Gravel pit pegged for Wasilla train station

WASILLA — A large gravel pit between the Lake View Estates condominiums and the Village Heights subdivision could one day become the city’s new train station.

The Wasilla City Council voted 5-1 to approve the expenditure of $1.5 million of a $5-million state grant to buy the property — currently owned by the Smith-Hagen family — to serve as a train stop for the Alaska Railroad. The property is presently assessed at $1.2 million, according to borough property records, though assessments typically lag behind market values for properties.

The item, in the form of an action memorandum, had been listed on the consent agenda, but was pulled off by councilwoman Colleen Sullivan-Leonard, who questioned where the remaining roughly $3.5 million would be spent. Sullivan-Leonard eventually cast the lone dissenting vote against the purchase. Other sites may be better suited for visitors, like an airport location or a location near the existing train station, Sullivan-Leonard suggested.

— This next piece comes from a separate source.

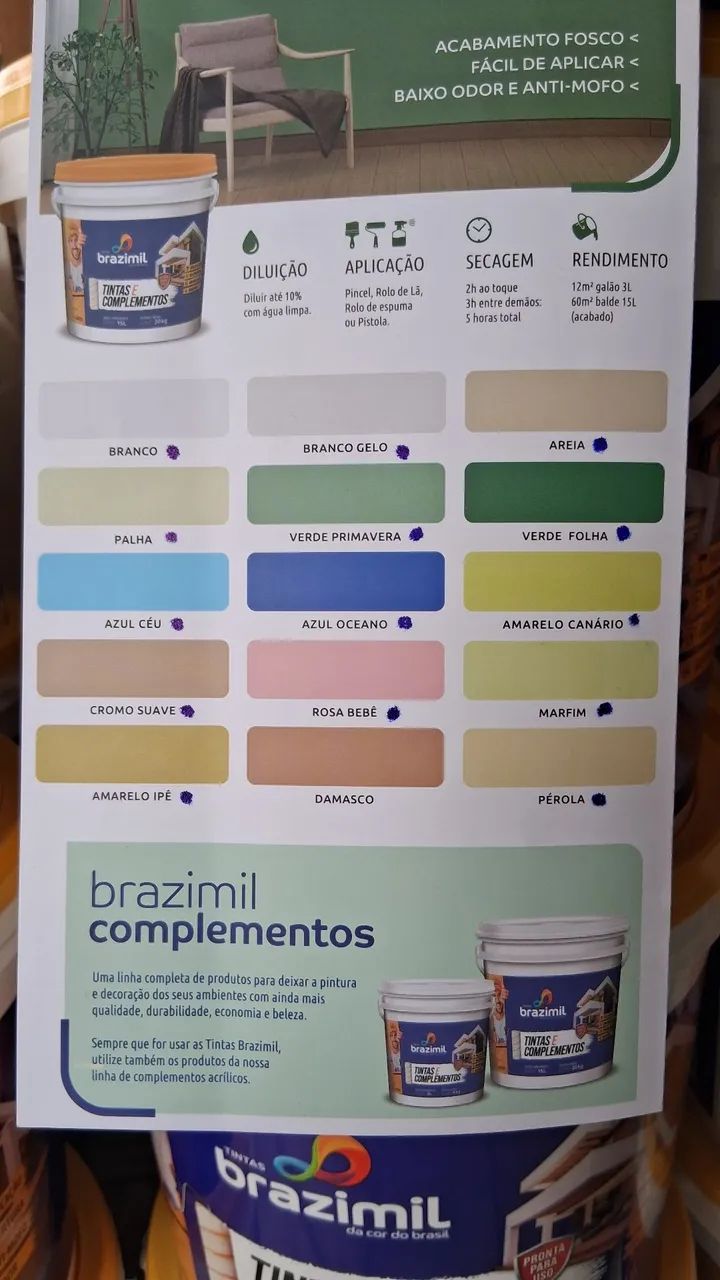 Tinta Brazimil Látex econômica antimofo Fosca 15L somente R$110,00 a vista  - Foto 5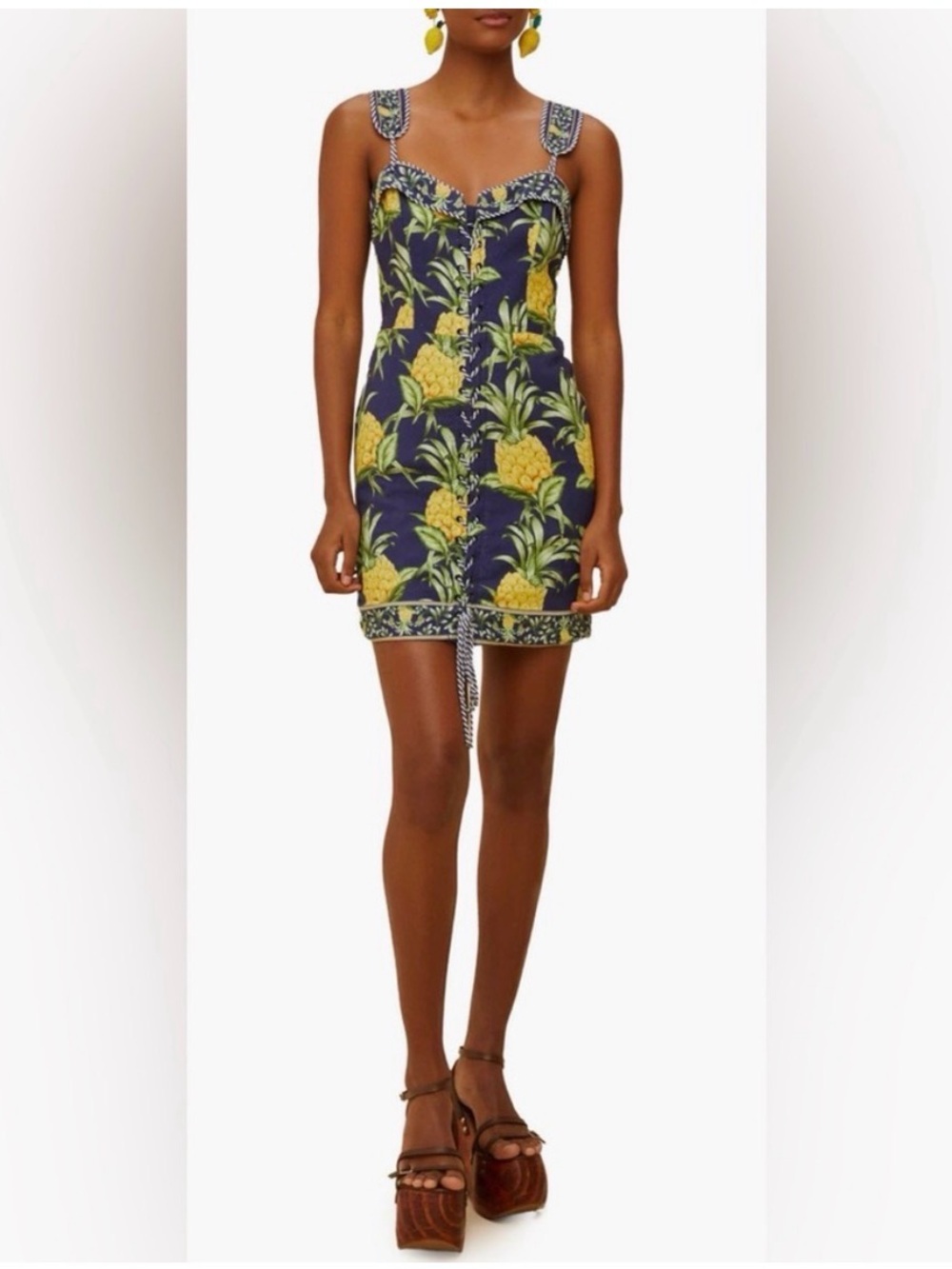 Farm Rio Navy Blue Pineapple Mini Dress (size XL)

“I do have a little bit of concern with the location,” she said. “I do have concern with the price for purchase of the gravel pit. Also, the other piece of it is traffic.”

Officials have debated since January whether the new train stop could be located at the property, and the need by the Department of Transportation and Public Facilities to relocate the train station, Public Works Director Archie Giddings testified. Debate about the train station’s possible location had temporarily delayed the Wasilla Main Street project, which is designed to put a couplet in to alleviate north-south congestion through Wasilla.

“Basically, there’s a state law that says you can’t block a road for more than five minutes,” he said.

The current train station stop next to the historic Wasilla train depot at 415 Railroad Avenue means a plan to expand a road across the Parks Highway corridor as a one-way street would essentially violate that law. Officials have been looking to move the station ever since, Giddings said.

The cost of constructing what is formally known as the Wasilla Intermodal Station are estimated about $12 million, officials have said, and the gravel pit purchase doesn’t lock the city into further spending at that location. Renderings of the train station used as part of a legislative lobbying campaign show no access to the Parks Highway from the train station. Instead, the only access would be along Railroad Avenue, Giddings said.

The train station’s location was determined in part by the need for a long, straight section of rail for the train to stop, Giddings said. The plans are also scalable to available funding, Giddings said.

“We can function pretty well with just a pavilion and the paved parking and some landscaping,” he said.